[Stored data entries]
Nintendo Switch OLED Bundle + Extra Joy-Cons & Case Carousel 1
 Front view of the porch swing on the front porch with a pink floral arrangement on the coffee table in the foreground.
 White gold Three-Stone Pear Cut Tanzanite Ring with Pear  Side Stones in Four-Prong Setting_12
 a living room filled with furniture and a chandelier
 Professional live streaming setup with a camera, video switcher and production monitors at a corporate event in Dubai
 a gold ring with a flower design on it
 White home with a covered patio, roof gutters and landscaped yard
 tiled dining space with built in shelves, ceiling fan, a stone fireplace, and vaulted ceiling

> **Task objective**: Output each line of the entries exactly, so that nothing is lost.

> **Result of the exercise**:
Nintendo Switch OLED Bundle + Extra Joy-Cons & Case Carousel 1
 Front view of the porch swing on the front porch with a pink floral arrangement on the coffee table in the foreground.
 White gold Three-Stone Pear Cut Tanzanite Ring with Pear  Side Stones in Four-Prong Setting_12
 a living room filled with furniture and a chandelier
 Professional live streaming setup with a camera, video switcher and production monitors at a corporate event in Dubai
 a gold ring with a flower design on it
 White home with a covered patio, roof gutters and landscaped yard
 tiled dining space with built in shelves, ceiling fan, a stone fireplace, and vaulted ceiling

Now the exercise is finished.